The full story on Lochte and company seems to have emerged now. They went to a party, got drunk, had to pee, and went to a gas station (at 6AM), but the bathroom door was locked. One of them broke open the door, and was subsequently accosted by a security guard. The guard and the store owner demanded payment from the four swimmers, and the four swimmers paid up.
That would have been the end of the story (which we would likely never have heard about), except that the 32-year-old Lochte then felt obliged to lie to his mother about what had happened, and concocted a story about how they had been robbed at gunpoint. Lochte's mother then told the press about it, and Lochte ran with the lie. (What sort of 32-year-old needs to lie to his mother about why he's been out late?) And then the other three swimmers felt obliged to support Lochte's tale.
Maybe the worst part of the story was that Lochte claimed that when the men first pulled guns, the other three swimmers immediately got facedown on the ground but that he, knowing he had done nothing wrong, refused. It was only when someone held a gun to his head that he acquiesced. (How brave!)
Even non-swimming fans already had a vague sense of Lochte's personality. But even as a swimming fan, I had very little sense of the other three. I had read a Q and A with Jimmy Feigen on Reddit a week ago, and was surprised at how commonsensical and smart he sounded. My very superficial impression of Jack Conger was that he was reserved and modest. Gunnar Bentz I knew absolutely nothing about.

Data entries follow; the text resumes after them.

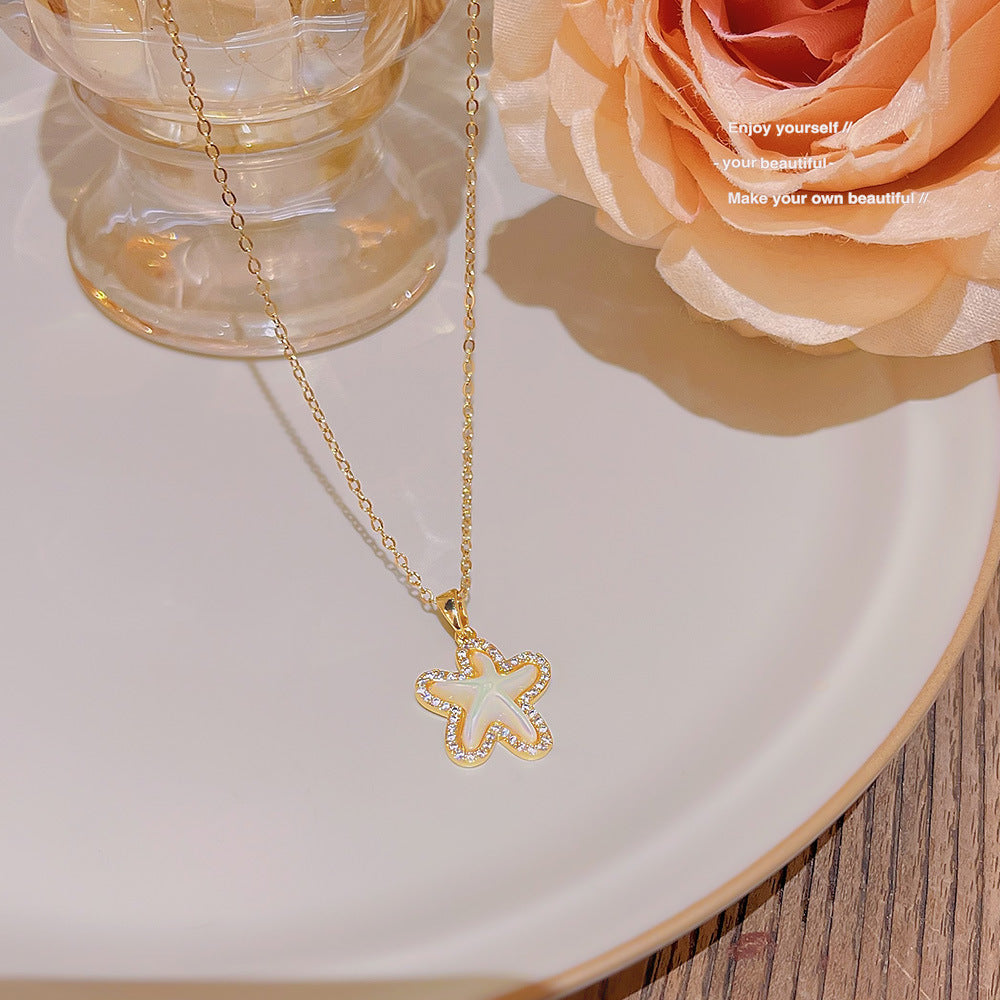 Light luxury starfish necklace inlaid with bricks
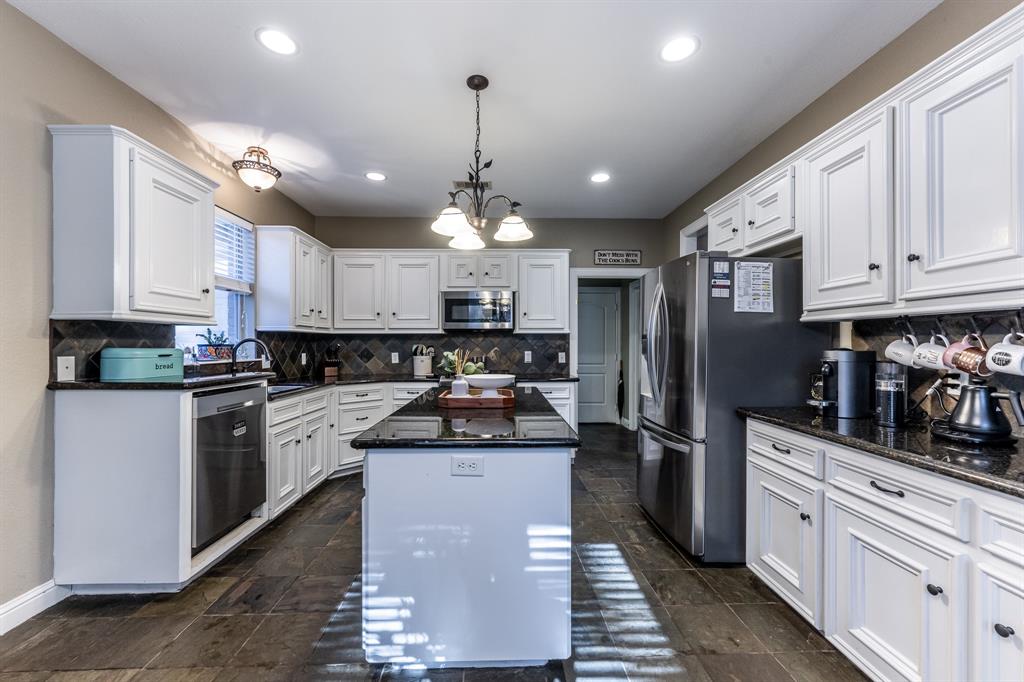 717 Overbrook Dr, Huntsville, Texas image 15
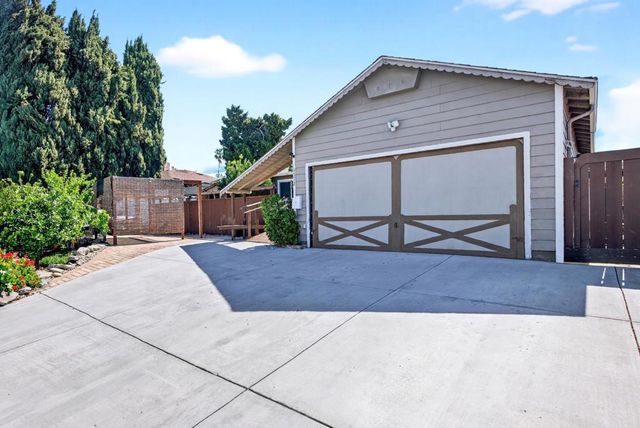 1572 Amesbury Way, San Jose, CA 95127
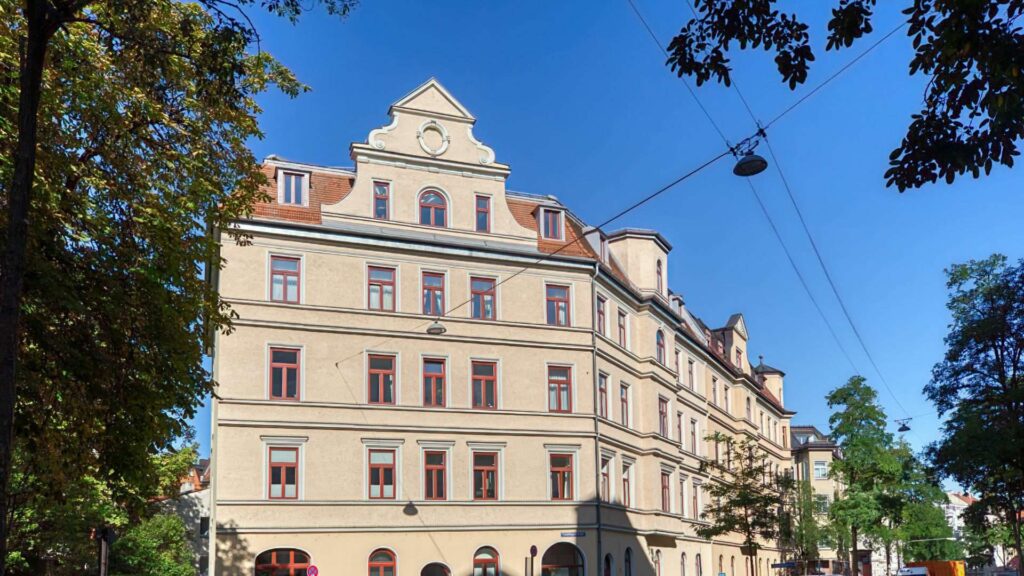 Repräsentative Altbaufassade in der Ludwigsvorstadt in München mit Erkerfenstern und Ziergiebel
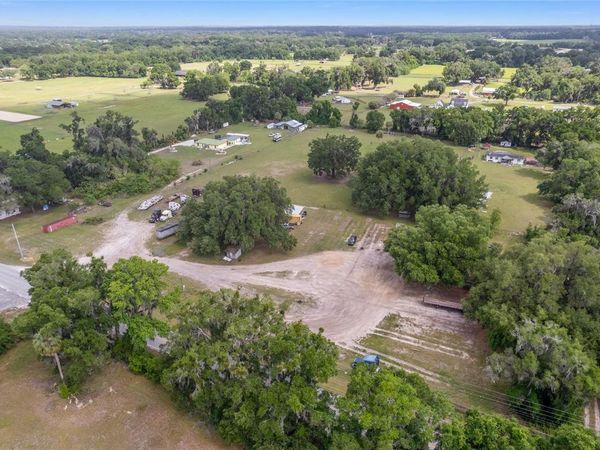 1751 E HIGHWAY 329, CITRA, FL 32113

Lochte has always come across like an amiable dunce -- but not a liar. He had reputation -- unlike Michael Phelps -- for being willing to stick around at meets for hours afterward signing autographs for the kids. (In fairness to Phelps, I've heard that he can't go anywhere without everyone wanting selfies with and autographs from him.)
Lochte's taste in music, which runs to rap, and in clothes, which run to senselessly loud, speak for themselves. But not having a high IQ is not a crime. Until this incident, Lochte's worst sin had been to be 32-going-on-15.
The problem is, most 15-year-olds have no sense of the larger picture. And the eternal teenager has now set off an international incident, something he never intended. It's going to be made worse because there is no group of people more sensitive about their national reputation than Brazilians, as I wrote about here and here. All Brazilians will take Lochte's lie as a personal slight. From now on when Lochte, Feigen, Conger, and Bentz compete internationally, the Brazilian contingent will undoubtedly boo them.
The four swimmers were simply in search of a fun night, not thinking of themselves as four ambassadors of goodwill from the USA, which as Olympic athletes they effectively were. They're certainly going to need all of their diplomatic skills now. They'd better get on their knees now and bow and scrape and then bow even deeper.
You have to feel a little bad for Conger and Bentz, both of whom just went along with what the older superstar wanted. Their choice was either to publicly call Lochte a liar, or back him up. They went with team loyalty, misguided as it might have been this case, and they will pay the price for that for a long time. (Feigen, 26, I'm less sure about.)
As for Lochte, he'll be remembered for the lie which didn't have to be told, which he told anyway.